FRIEDRICH KELLNER was born in 1885 near Heidelberg, Germany. He was a political activist in Mainz for the Social Democrats and campaigned against the Nazi Party. When Hitler came to power and sought revenge against his political opponents, Kellner moved his family to the small town of Laubach where he became the chief justice inspector in the district courthouse. As the chief justice inspector, Kellner was the judicial officer in charge of the administration of the district courthouse, including police investigative reports, the records of the prosecutor’s office, and trial documents. His open declarations against the miscarriages of justice caused him to be brought before a tribunal and threatened with imprisonment in a concentration camp. After that he spent his nights writing in a secret diary, at risk to his life.

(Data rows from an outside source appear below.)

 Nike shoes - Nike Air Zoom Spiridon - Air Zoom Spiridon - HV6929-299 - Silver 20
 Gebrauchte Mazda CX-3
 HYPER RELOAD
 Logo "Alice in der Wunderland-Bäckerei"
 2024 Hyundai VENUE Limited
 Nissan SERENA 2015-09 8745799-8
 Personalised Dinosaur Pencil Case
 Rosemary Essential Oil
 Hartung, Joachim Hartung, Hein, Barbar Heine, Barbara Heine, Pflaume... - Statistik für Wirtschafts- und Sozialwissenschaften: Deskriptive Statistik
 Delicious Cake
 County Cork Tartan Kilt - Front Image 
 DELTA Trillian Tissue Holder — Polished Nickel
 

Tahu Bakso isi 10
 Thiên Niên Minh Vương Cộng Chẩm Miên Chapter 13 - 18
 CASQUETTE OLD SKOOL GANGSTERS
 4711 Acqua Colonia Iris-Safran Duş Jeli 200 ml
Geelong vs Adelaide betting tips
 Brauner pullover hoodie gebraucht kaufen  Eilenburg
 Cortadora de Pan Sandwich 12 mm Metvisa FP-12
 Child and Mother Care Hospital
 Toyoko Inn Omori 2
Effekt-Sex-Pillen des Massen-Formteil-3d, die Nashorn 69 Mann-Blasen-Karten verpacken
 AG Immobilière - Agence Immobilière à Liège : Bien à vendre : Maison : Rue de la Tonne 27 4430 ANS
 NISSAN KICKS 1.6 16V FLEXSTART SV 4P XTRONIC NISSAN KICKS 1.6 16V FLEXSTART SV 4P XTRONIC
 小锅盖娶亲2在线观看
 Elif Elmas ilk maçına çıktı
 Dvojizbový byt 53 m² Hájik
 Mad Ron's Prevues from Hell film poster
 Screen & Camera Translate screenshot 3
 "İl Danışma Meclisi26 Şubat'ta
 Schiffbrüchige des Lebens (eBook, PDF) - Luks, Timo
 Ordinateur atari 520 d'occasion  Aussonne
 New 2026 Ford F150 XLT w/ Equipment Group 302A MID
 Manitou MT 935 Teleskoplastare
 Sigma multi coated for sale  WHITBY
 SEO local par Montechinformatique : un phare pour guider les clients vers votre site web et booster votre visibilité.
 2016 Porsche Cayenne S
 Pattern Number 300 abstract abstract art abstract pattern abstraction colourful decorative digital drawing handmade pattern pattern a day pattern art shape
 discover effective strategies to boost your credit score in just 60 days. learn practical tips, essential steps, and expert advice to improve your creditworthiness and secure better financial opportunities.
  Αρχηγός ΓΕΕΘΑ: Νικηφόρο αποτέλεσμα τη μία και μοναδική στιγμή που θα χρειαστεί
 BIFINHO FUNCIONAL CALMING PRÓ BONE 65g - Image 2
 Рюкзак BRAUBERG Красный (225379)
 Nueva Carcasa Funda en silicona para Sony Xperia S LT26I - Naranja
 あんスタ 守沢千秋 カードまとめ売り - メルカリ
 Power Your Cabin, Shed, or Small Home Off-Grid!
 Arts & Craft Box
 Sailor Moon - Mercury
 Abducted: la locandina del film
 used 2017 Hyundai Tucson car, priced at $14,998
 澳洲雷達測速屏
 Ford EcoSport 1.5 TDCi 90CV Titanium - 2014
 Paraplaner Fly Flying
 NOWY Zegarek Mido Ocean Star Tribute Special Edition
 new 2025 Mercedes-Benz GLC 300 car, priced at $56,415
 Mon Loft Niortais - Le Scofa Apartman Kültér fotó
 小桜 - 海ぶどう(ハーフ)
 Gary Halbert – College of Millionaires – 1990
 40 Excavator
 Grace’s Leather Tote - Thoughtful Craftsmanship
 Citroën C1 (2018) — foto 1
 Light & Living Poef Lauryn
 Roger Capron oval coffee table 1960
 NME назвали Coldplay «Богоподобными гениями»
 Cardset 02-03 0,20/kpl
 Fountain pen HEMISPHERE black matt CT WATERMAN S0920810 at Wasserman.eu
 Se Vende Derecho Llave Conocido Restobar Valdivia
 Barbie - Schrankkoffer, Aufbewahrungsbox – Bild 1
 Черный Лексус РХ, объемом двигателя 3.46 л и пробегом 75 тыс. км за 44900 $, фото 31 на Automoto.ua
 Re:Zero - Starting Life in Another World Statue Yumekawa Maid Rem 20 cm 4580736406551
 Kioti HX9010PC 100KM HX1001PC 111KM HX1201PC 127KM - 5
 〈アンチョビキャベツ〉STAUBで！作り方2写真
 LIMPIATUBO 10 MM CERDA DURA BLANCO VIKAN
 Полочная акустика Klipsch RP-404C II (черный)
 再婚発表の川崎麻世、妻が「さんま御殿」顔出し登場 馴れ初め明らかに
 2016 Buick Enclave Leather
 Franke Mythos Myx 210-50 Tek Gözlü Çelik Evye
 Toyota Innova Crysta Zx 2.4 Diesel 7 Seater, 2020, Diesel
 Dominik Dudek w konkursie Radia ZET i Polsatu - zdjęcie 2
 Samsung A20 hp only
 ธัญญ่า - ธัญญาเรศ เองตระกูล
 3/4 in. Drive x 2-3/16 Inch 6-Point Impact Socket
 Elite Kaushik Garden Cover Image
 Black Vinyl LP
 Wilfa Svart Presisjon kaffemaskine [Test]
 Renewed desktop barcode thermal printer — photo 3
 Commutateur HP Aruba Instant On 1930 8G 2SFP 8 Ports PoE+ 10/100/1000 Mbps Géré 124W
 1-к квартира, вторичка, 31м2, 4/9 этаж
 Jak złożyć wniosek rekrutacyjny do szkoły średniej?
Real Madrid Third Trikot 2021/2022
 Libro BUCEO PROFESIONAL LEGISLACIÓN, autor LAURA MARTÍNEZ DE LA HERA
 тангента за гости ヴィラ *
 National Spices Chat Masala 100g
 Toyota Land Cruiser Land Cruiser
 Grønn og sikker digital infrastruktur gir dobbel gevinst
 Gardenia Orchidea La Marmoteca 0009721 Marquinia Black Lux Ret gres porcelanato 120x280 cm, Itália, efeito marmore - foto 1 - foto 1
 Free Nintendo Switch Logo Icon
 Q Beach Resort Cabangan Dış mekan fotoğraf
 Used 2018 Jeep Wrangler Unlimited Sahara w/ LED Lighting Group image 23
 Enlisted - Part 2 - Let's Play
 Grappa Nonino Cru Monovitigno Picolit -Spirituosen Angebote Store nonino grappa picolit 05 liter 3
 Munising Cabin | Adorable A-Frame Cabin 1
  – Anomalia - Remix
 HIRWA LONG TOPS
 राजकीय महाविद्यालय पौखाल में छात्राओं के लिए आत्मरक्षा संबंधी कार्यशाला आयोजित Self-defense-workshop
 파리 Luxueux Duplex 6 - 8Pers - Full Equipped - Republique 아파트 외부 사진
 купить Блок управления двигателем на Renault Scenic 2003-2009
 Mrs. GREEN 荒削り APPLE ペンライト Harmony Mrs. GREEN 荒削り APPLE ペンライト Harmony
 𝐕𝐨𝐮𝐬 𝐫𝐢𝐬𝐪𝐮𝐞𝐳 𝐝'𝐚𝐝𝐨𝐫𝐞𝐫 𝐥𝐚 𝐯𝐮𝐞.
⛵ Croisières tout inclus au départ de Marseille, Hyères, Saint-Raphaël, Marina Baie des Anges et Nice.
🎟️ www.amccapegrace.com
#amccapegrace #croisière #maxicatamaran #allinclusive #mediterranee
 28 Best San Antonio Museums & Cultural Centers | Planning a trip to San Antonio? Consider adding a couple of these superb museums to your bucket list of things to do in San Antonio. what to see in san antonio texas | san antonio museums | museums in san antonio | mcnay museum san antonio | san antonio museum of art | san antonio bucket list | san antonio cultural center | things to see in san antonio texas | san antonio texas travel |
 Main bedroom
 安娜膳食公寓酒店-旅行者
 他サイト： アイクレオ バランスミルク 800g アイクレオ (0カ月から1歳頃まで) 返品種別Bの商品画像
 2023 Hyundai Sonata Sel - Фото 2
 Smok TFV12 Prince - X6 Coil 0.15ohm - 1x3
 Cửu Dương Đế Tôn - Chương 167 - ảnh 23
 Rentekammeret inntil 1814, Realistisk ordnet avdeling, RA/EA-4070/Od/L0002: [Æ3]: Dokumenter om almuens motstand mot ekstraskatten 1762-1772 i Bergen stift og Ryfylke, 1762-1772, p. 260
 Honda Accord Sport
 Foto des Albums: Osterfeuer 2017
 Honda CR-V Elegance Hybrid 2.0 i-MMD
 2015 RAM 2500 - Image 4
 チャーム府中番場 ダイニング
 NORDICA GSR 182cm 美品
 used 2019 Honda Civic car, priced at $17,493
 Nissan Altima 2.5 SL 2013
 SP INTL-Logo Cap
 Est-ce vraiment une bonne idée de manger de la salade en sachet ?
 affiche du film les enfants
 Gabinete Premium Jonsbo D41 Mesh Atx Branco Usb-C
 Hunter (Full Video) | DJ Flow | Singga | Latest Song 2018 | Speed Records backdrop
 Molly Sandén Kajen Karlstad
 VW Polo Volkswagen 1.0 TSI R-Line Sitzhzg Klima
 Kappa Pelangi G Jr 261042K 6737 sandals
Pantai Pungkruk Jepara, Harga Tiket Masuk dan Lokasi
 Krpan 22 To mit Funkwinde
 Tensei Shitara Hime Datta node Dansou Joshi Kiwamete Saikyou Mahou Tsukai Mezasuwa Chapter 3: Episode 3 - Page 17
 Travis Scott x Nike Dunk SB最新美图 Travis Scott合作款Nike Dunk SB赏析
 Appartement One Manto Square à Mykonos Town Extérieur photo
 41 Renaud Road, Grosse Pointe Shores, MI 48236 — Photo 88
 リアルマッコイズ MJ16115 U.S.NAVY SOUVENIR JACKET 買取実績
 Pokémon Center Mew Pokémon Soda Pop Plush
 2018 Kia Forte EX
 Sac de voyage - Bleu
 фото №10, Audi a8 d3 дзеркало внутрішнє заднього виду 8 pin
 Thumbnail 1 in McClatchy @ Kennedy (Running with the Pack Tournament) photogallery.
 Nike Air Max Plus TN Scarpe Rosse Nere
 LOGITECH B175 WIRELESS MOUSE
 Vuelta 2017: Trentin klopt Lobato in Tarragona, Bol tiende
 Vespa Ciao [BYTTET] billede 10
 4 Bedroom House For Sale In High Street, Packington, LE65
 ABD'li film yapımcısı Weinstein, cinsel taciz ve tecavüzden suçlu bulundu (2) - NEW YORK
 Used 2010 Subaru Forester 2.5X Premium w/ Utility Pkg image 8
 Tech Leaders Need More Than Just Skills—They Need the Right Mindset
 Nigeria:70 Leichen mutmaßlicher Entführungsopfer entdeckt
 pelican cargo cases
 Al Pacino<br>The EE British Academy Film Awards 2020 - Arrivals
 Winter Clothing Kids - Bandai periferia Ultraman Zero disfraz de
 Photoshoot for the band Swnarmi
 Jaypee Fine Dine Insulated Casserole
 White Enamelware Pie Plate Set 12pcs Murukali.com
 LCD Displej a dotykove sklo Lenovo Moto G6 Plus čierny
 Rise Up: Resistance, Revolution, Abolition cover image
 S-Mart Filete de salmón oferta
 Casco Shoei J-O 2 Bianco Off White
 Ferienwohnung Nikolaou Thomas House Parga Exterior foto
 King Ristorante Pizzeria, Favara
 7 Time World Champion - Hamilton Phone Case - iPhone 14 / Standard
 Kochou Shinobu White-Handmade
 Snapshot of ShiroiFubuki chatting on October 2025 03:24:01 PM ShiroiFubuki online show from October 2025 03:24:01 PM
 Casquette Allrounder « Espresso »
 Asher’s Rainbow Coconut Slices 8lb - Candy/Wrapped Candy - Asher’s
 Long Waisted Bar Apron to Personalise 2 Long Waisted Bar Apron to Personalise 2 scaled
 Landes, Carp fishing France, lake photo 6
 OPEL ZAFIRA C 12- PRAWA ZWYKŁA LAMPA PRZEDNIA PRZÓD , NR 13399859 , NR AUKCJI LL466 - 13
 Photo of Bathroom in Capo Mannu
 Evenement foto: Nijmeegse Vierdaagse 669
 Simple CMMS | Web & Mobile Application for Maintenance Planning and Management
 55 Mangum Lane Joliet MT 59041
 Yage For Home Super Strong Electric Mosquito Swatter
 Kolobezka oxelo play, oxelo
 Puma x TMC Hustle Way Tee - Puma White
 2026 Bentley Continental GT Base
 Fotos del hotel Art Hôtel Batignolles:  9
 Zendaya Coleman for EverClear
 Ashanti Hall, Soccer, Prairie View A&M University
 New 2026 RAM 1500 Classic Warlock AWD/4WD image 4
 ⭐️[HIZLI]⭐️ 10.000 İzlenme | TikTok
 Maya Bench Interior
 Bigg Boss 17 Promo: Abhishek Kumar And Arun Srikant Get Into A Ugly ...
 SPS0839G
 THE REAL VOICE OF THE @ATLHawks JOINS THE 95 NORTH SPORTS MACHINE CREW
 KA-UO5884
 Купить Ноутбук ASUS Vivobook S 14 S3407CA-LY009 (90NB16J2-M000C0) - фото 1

When the war came to an end, Friedrich Kellner was appointed deputy mayor of Laubach. He helped to restore the Social Democratic Party and became chairman of the Laubach branch. But he and his wife Pauline would suffer a great personal tragedy. In 1935 they had sent their only child to America to keep him out of the German army. In an ironic twist of fate, their son joined the U.S. Army and was sent to serve in France. He reunited with his parents in 1946, but in the midst of the ruins of the country of his birth, wearing the despised uniform of the victor; young Fred Kellner could not adjust to the fractured reality of being a man without a country and took his own life. He is buried in the American Legion Tomb in Paris, France. Friedrich Kellner retired in 1960, at the age of seventy-five. In 1968, two years before his death at the age of 83, Fredrich Kellner entrusted his diary to his grandson Scott. Kellner hoped that his diary would not only expose the crimes and propaganda of the Third Reich, but also serve as a warning for future generations to vigorously oppose dictatorships and state sponsored terrorism.